═══ Supplied entries ═══

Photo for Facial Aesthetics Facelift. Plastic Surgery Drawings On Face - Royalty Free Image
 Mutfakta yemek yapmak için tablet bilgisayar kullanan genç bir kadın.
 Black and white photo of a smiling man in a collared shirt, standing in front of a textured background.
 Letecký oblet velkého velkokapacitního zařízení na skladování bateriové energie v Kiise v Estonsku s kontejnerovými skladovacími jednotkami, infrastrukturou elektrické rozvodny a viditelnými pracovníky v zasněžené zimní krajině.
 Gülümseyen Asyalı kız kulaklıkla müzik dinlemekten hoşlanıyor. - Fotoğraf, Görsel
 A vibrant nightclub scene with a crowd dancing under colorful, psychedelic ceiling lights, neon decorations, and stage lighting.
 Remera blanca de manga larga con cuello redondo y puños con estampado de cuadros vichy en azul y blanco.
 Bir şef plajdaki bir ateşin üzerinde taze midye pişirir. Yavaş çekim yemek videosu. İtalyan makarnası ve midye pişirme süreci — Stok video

═══

* _Problem_
Each line that includes the word "yemek" counts once; report how many such lines the entries have, and nothing else.

* _Answer area_
2